The following data has a line with "Pantalon de yoga" and a line with "Gemini Grinding and". Write out exactly those lines and all the lines between them.

Dataset excerpts:

--------------------------------

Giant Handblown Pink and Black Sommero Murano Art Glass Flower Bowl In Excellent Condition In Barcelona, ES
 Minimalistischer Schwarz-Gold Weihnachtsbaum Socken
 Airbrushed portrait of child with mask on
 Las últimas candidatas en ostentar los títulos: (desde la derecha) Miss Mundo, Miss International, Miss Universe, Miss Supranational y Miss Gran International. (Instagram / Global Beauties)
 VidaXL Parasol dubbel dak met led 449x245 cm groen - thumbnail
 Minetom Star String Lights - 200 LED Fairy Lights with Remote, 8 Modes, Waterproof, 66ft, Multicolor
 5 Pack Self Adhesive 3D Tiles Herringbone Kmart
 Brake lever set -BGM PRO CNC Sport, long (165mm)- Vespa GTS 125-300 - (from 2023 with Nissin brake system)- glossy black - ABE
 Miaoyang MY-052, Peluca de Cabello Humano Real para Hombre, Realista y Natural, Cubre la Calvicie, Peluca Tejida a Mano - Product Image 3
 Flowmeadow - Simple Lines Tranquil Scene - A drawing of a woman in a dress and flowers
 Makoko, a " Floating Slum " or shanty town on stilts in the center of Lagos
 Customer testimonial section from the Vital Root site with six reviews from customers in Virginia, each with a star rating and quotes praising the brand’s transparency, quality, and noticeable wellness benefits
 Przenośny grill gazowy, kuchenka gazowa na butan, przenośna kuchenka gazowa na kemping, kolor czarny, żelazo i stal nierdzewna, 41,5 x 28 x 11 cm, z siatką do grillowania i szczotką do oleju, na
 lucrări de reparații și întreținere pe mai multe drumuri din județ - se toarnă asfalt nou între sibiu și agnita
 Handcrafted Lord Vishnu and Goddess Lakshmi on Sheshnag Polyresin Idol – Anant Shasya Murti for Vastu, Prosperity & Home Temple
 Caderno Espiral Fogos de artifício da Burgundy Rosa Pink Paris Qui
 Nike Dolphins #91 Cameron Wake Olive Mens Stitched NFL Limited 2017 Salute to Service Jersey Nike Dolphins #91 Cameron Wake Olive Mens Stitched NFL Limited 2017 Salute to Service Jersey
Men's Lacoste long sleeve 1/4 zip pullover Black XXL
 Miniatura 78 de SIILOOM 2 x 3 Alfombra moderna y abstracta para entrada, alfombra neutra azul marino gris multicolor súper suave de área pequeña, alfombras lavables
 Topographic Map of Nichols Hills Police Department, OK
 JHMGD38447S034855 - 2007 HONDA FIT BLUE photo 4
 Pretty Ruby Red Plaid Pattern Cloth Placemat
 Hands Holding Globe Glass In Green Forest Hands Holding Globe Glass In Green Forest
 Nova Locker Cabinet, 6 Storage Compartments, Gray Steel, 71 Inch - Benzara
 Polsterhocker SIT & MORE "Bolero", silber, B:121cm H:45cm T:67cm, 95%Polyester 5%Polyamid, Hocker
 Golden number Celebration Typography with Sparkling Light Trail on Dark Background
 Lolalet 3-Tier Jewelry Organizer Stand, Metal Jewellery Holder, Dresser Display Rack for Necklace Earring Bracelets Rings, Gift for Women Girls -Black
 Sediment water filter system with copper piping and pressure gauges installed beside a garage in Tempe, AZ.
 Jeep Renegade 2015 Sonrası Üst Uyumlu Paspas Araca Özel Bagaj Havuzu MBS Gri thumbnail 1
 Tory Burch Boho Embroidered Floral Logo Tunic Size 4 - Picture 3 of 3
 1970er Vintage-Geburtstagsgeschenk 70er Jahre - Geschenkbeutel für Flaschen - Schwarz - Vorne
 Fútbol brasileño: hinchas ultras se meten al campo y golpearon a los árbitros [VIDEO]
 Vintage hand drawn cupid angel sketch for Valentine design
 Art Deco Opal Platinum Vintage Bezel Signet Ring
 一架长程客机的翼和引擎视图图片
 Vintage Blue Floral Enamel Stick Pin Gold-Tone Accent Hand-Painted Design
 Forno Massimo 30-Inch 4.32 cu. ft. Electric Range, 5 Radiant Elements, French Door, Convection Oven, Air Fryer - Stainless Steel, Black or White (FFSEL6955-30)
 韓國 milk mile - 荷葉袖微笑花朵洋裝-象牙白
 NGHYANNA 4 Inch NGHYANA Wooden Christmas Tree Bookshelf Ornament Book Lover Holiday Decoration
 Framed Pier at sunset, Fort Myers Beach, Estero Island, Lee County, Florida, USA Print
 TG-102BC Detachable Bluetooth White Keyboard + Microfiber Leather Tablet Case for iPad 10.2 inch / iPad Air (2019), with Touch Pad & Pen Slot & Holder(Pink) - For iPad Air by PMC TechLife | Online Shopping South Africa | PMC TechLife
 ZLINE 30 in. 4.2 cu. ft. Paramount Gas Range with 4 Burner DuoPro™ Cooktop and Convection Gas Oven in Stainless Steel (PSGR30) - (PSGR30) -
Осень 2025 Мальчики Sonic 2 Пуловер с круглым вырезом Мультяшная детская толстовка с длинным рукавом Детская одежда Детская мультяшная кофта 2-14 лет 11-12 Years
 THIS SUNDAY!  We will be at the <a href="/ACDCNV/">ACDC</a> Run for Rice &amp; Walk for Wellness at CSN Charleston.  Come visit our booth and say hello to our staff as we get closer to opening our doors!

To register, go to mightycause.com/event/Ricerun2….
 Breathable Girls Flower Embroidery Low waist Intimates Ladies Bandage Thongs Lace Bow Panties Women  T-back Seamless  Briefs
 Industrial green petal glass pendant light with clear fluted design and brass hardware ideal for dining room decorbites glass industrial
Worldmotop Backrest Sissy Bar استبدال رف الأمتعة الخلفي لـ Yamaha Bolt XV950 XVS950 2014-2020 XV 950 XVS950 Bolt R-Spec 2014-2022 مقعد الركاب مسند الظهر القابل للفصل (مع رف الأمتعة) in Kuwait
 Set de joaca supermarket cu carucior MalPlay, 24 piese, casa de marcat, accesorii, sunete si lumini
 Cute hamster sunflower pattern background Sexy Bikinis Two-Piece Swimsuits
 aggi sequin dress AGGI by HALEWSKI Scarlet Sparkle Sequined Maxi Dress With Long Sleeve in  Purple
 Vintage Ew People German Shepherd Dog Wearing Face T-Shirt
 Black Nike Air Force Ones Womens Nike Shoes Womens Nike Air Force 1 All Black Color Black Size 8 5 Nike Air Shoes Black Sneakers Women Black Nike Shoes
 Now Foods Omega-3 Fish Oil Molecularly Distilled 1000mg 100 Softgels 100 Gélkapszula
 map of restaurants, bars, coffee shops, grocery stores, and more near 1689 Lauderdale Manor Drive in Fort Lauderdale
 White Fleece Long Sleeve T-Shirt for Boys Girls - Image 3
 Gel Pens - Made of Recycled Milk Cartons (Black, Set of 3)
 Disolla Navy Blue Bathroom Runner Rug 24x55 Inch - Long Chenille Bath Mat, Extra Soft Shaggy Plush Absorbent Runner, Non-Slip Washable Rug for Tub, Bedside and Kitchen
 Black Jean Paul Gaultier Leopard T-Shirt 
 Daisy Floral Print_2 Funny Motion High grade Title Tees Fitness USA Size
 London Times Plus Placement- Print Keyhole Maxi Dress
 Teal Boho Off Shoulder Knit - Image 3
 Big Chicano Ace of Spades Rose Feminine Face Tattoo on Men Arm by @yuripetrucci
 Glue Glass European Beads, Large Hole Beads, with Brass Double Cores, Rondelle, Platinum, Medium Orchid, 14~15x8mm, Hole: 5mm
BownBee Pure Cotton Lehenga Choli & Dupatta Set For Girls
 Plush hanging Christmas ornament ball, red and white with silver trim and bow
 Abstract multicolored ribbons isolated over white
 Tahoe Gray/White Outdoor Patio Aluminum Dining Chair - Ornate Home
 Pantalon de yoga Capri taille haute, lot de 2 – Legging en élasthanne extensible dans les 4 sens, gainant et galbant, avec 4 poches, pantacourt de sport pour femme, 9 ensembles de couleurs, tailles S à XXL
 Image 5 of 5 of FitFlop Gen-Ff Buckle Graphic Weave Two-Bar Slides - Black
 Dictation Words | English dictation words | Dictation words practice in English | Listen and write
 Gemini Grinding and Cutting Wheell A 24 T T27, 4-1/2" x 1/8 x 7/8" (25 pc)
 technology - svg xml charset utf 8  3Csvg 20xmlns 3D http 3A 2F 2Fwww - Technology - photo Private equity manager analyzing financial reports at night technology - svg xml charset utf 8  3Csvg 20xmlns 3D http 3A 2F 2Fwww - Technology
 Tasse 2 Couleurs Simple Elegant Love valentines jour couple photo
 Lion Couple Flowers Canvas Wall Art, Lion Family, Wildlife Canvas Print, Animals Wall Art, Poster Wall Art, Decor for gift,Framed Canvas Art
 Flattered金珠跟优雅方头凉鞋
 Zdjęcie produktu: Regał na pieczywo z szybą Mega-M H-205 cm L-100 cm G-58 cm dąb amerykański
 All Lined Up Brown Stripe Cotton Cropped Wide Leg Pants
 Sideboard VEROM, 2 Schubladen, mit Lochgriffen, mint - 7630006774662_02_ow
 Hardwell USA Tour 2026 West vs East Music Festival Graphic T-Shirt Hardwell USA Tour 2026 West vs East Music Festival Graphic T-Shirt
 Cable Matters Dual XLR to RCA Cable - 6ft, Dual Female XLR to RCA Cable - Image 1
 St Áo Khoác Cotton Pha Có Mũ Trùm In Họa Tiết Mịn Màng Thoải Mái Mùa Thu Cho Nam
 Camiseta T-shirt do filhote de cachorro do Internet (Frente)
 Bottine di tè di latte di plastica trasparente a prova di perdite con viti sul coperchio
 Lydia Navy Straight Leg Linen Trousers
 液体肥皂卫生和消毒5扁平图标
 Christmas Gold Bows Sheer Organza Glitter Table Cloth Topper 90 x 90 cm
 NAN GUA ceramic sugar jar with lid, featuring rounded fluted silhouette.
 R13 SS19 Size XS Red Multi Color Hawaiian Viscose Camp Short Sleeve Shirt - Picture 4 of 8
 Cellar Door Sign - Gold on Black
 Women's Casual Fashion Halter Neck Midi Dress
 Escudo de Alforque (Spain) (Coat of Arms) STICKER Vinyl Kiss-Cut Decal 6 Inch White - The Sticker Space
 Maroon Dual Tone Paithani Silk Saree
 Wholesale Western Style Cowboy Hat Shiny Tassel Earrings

--------------------------------

--- RESULT OF THIS TASK ---
 Pantalon de yoga Capri taille haute, lot de 2 – Legging en élasthanne extensible dans les 4 sens, gainant et galbant, avec 4 poches, pantacourt de sport pour femme, 9 ensembles de couleurs, tailles S à XXL
 Image 5 of 5 of FitFlop Gen-Ff Buckle Graphic Weave Two-Bar Slides - Black
 Dictation Words | English dictation words | Dictation words practice in English | Listen and write
 Gemini Grinding and Cutting Wheell A 24 T T27, 4-1/2" x 1/8 x 7/8" (25 pc)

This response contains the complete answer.